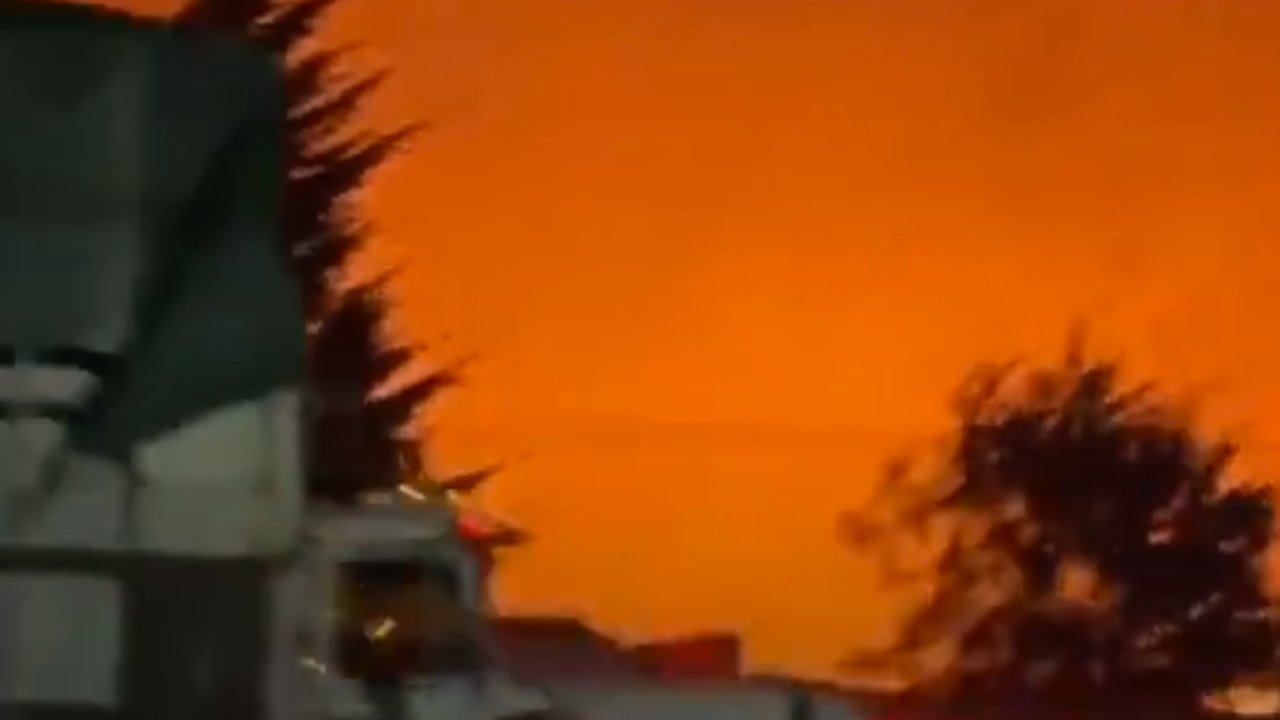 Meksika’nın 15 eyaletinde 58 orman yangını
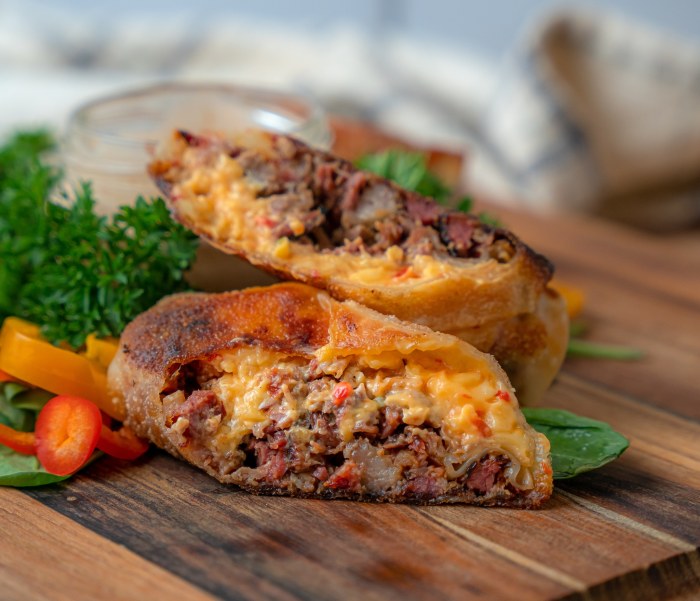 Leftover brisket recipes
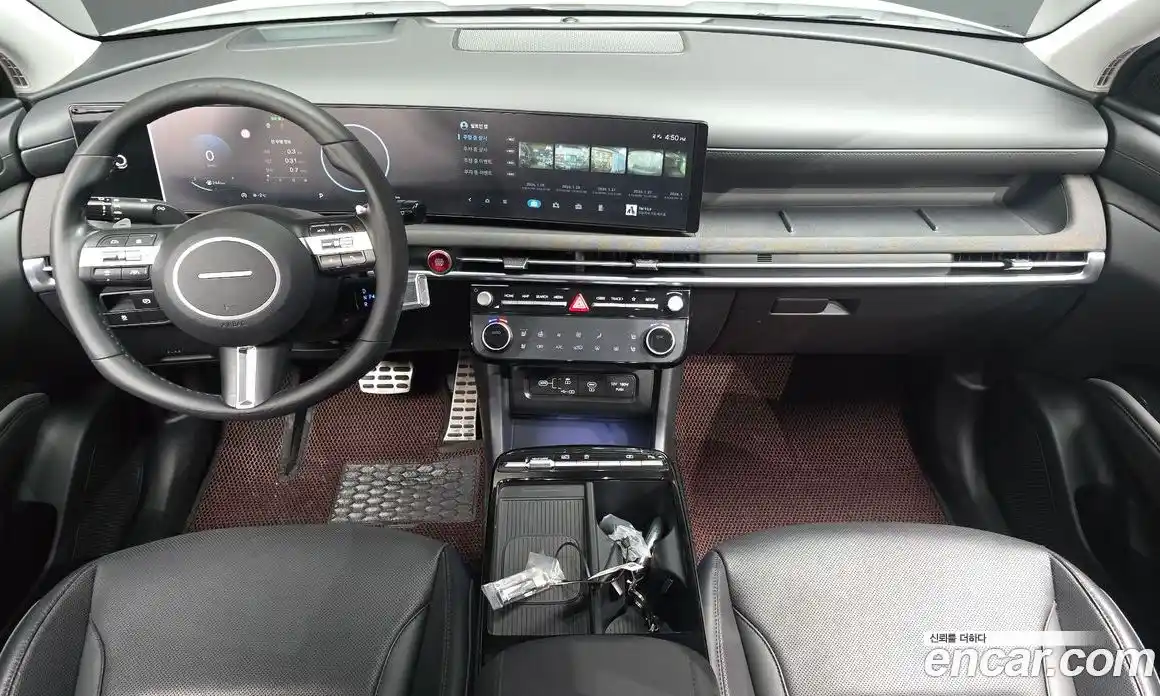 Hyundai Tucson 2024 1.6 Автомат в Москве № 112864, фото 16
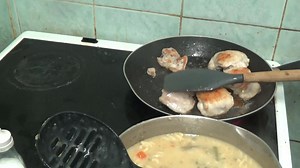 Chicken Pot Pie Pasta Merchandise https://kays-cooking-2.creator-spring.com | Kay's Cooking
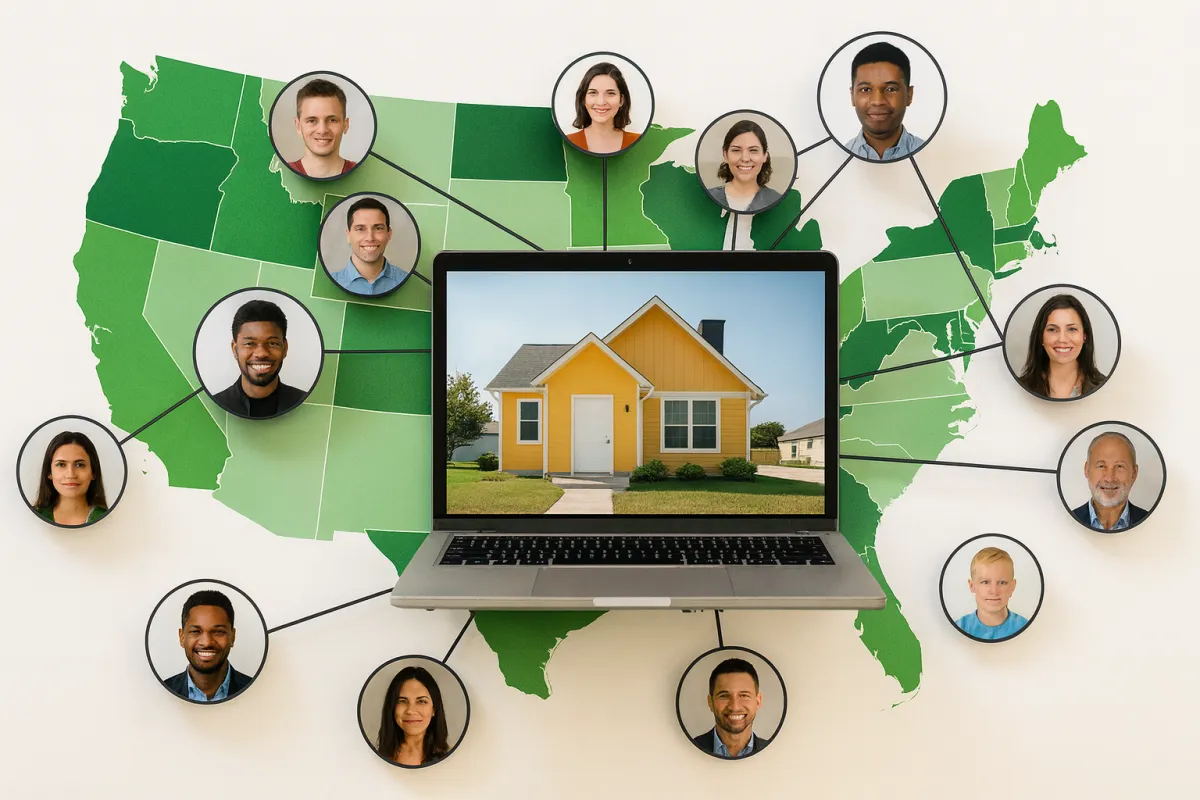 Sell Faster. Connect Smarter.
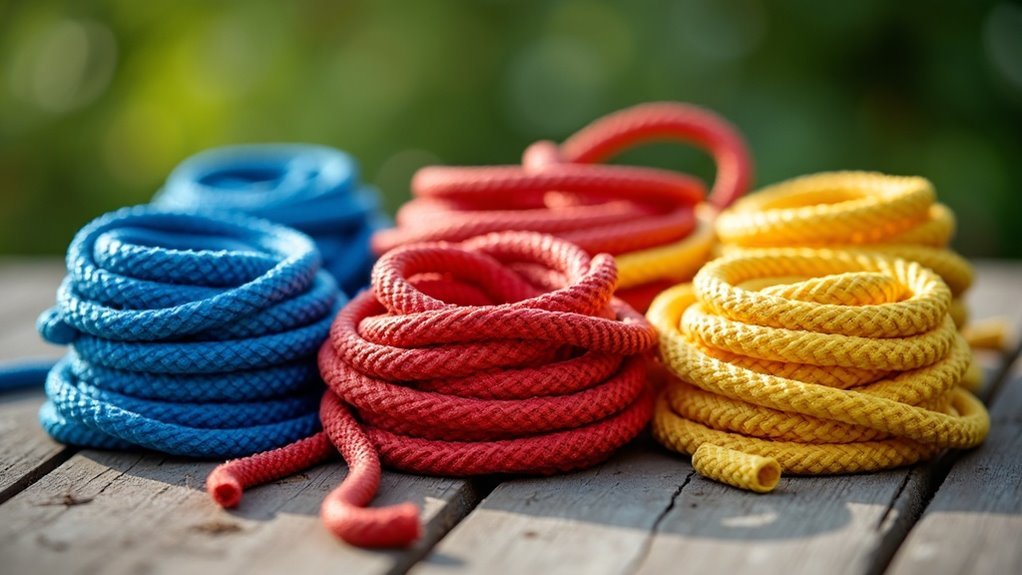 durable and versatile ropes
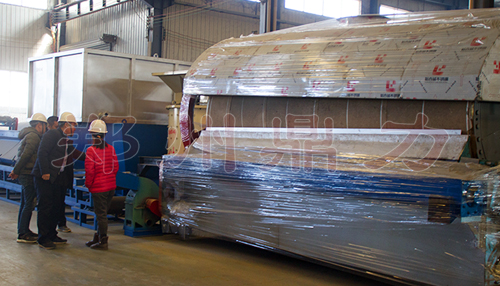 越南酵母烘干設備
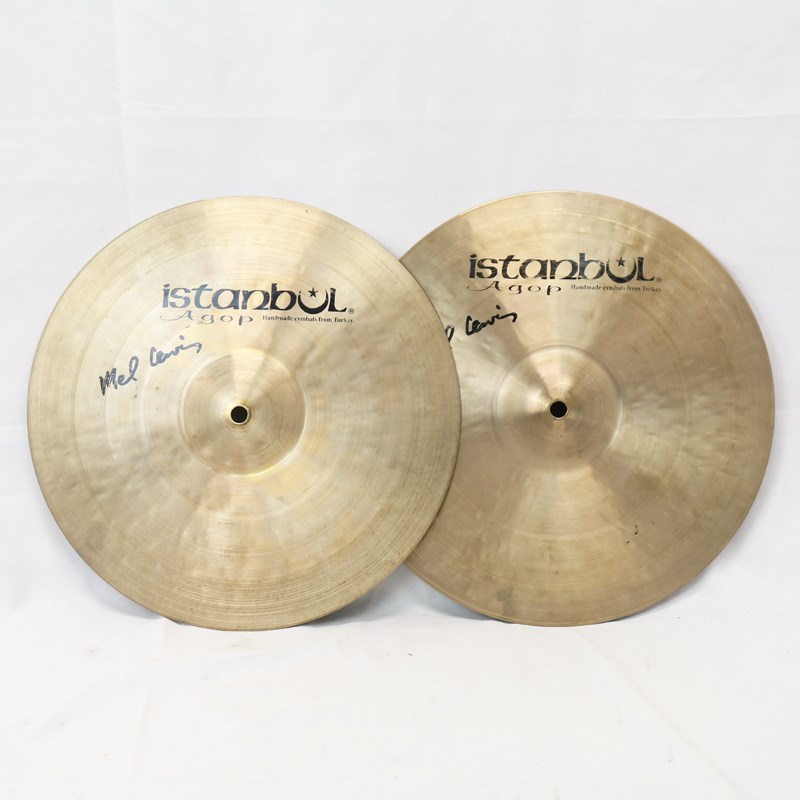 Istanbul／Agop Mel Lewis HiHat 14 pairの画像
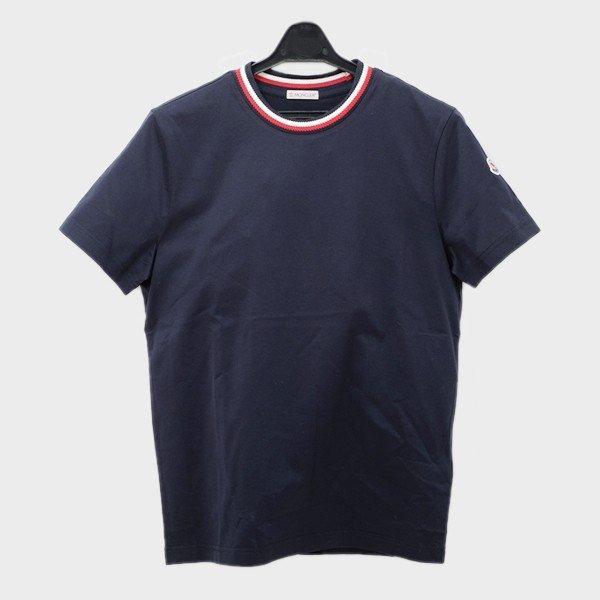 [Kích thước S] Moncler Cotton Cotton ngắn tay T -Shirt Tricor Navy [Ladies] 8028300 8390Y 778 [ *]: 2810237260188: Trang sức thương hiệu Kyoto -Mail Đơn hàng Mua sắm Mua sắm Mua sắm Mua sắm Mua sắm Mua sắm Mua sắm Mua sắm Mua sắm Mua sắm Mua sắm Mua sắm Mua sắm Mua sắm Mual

Work order :: Begin at the line containing "Istanbul／Agop Mel Lewis HiHat 14 pairの画像" and extract every line through the end of the records, inclusive, exactly and only; omit pictures.

Exercise response ::
 Istanbul／Agop Mel Lewis HiHat 14 pairの画像
 [Kích thước S] Moncler Cotton Cotton ngắn tay T -Shirt Tricor Navy [Ladies] 8028300 8390Y 778 [ *]: 2810237260188: Trang sức thương hiệu Kyoto -Mail Đơn hàng Mua sắm Mua sắm Mua sắm Mua sắm Mua sắm Mua sắm Mua sắm Mua sắm Mua sắm Mua sắm Mua sắm Mua sắm Mua sắm Mua sắm Mual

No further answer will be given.